══ Given records ══

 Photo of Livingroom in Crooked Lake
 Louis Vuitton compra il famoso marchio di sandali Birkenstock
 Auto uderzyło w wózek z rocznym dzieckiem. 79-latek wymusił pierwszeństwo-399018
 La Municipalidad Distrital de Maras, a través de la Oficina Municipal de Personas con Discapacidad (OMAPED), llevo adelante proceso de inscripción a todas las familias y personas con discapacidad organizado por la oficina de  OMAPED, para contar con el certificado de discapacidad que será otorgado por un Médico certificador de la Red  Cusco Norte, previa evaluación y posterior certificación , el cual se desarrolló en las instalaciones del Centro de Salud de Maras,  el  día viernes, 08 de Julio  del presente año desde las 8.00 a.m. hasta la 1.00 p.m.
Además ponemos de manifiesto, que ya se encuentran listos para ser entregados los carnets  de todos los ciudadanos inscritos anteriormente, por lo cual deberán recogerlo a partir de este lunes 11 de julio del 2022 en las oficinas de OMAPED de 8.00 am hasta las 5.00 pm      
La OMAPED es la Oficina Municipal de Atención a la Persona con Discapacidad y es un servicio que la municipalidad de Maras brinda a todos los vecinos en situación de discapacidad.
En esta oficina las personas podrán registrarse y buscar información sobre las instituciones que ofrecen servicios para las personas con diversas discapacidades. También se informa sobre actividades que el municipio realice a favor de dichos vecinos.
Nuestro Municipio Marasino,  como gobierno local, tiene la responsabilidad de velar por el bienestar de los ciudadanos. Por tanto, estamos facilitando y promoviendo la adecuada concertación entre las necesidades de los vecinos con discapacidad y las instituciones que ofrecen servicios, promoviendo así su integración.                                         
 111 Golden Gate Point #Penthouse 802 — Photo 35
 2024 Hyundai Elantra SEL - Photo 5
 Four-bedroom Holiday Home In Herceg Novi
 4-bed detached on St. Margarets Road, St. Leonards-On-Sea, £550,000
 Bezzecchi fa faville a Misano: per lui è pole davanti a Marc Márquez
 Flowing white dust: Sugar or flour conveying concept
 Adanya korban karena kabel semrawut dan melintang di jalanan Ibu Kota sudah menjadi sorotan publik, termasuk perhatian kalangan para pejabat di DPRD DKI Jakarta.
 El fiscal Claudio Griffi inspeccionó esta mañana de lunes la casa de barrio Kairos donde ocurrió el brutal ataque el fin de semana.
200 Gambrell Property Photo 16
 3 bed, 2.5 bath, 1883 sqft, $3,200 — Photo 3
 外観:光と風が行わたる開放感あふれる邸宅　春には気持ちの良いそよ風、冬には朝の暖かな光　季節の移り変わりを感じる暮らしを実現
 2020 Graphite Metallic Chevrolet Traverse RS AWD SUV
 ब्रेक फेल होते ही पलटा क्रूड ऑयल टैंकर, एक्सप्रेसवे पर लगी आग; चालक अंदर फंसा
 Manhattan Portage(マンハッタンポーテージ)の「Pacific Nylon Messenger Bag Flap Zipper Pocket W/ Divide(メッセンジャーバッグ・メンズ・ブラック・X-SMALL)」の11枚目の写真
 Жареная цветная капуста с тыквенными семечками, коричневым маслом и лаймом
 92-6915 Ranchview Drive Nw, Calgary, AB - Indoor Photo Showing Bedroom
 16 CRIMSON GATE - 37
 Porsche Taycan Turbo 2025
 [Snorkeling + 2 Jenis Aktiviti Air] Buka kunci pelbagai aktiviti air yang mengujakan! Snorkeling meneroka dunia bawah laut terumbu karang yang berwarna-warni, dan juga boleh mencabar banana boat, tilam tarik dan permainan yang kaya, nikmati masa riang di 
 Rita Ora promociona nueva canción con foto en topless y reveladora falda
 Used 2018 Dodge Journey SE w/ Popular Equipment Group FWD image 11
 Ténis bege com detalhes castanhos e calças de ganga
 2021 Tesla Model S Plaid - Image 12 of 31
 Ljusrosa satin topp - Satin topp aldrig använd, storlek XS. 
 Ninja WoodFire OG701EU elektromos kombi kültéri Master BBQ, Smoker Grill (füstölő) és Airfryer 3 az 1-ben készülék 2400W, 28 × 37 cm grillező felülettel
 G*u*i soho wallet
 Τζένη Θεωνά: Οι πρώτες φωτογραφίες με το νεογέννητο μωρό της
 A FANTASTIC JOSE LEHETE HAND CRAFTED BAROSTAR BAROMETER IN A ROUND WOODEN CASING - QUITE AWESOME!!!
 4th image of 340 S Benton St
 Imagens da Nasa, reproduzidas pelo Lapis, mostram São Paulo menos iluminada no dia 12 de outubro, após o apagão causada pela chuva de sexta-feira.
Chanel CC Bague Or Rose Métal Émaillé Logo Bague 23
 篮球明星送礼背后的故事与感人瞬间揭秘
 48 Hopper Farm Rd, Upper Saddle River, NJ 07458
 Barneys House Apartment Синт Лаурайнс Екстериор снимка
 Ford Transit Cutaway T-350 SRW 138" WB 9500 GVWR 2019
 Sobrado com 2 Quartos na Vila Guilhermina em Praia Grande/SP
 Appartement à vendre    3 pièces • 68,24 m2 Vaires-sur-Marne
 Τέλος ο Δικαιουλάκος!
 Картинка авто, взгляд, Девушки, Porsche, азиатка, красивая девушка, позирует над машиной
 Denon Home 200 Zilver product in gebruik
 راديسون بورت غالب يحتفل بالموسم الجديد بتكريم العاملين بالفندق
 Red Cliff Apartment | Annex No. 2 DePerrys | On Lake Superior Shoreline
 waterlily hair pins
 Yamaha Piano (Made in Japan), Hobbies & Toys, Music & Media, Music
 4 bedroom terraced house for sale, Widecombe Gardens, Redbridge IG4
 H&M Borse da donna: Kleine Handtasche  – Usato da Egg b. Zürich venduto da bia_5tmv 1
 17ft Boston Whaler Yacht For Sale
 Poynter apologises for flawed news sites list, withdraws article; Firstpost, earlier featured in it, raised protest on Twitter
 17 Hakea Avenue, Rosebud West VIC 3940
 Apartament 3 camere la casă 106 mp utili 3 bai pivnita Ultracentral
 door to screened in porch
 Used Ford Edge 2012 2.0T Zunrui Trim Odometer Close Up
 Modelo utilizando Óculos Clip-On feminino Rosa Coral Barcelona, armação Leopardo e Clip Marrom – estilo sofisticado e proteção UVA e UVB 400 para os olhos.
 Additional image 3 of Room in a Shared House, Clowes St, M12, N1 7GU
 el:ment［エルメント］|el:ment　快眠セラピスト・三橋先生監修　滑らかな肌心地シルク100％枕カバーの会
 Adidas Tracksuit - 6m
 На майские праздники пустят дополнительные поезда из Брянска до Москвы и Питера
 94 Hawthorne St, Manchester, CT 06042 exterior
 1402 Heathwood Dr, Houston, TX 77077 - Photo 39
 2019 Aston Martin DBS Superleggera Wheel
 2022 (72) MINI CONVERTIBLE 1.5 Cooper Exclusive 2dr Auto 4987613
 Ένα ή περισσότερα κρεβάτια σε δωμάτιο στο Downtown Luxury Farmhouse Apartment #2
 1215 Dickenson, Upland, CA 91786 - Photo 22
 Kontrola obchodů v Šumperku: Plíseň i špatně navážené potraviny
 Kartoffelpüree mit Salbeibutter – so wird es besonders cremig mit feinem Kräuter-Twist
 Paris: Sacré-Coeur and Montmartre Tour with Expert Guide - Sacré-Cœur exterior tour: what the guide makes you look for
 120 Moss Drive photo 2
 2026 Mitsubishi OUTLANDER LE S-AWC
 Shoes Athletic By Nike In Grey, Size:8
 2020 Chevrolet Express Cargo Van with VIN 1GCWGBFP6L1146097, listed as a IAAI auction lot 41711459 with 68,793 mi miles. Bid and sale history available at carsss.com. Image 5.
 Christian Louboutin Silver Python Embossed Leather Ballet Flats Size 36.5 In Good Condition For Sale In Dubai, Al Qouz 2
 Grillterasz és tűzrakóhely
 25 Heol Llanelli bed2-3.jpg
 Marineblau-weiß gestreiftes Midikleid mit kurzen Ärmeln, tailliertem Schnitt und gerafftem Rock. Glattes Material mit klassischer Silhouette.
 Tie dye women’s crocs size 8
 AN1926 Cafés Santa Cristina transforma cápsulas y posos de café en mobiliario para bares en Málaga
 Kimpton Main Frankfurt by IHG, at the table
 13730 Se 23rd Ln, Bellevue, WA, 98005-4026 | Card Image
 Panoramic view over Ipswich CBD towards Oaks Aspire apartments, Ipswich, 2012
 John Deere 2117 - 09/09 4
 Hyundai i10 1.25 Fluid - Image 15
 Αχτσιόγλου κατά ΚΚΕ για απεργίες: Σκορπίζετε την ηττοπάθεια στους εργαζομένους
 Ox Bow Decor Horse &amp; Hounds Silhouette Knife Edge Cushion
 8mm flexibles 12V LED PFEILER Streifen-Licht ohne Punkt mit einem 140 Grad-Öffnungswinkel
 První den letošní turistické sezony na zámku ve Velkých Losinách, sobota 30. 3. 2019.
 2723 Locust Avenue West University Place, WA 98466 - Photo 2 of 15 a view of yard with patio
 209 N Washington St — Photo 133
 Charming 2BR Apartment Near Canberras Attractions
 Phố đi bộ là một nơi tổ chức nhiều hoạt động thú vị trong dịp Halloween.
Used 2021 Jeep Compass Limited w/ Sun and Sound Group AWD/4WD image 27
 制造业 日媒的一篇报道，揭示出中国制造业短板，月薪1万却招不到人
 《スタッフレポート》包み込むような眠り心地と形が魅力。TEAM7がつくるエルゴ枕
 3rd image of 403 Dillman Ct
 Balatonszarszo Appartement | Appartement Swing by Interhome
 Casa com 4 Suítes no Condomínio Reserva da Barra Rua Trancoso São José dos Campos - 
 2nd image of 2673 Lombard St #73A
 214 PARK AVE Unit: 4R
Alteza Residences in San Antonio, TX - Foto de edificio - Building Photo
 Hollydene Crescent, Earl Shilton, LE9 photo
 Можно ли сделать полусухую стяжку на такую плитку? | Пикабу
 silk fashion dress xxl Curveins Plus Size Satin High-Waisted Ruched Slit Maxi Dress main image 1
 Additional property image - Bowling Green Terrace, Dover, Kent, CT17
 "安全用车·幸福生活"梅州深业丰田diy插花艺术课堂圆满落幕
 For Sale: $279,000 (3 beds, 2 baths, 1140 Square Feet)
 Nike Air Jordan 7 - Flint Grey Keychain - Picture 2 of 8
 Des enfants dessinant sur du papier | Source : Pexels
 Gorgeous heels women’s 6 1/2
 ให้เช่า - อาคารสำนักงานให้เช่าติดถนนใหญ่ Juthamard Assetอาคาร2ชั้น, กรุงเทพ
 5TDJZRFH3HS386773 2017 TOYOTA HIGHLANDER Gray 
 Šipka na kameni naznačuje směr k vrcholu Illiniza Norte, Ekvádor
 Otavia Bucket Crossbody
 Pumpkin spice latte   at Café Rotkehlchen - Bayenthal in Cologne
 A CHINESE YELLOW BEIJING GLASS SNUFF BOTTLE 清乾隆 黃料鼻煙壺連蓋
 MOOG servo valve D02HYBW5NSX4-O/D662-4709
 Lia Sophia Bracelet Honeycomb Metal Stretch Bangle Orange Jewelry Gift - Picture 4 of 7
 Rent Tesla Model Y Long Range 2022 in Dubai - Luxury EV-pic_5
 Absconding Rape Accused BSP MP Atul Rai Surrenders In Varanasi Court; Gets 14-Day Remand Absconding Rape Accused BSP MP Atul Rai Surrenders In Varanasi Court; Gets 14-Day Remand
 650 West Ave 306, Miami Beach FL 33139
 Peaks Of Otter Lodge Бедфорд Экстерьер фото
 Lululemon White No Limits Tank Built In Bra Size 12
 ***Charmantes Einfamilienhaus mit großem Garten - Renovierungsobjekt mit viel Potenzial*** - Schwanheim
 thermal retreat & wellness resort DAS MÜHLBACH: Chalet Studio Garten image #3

═══

### About this exercise
Your response should be the lines above from the first to the one containing "La Municipalidad Distrital", inclusive, each given exactly.

### Task result
 Photo of Livingroom in Crooked Lake
 Louis Vuitton compra il famoso marchio di sandali Birkenstock
 Auto uderzyło w wózek z rocznym dzieckiem. 79-latek wymusił pierwszeństwo-399018
 La Municipalidad Distrital de Maras, a través de la Oficina Municipal de Personas con Discapacidad (OMAPED), llevo adelante proceso de inscripción a todas las familias y personas con discapacidad organizado por la oficina de  OMAPED, para contar con el certificado de discapacidad que será otorgado por un Médico certificador de la Red  Cusco Norte, previa evaluación y posterior certificación , el cual se desarrolló en las instalaciones del Centro de Salud de Maras,  el  día viernes, 08 de Julio  del presente año desde las 8.00 a.m. hasta la 1.00 p.m.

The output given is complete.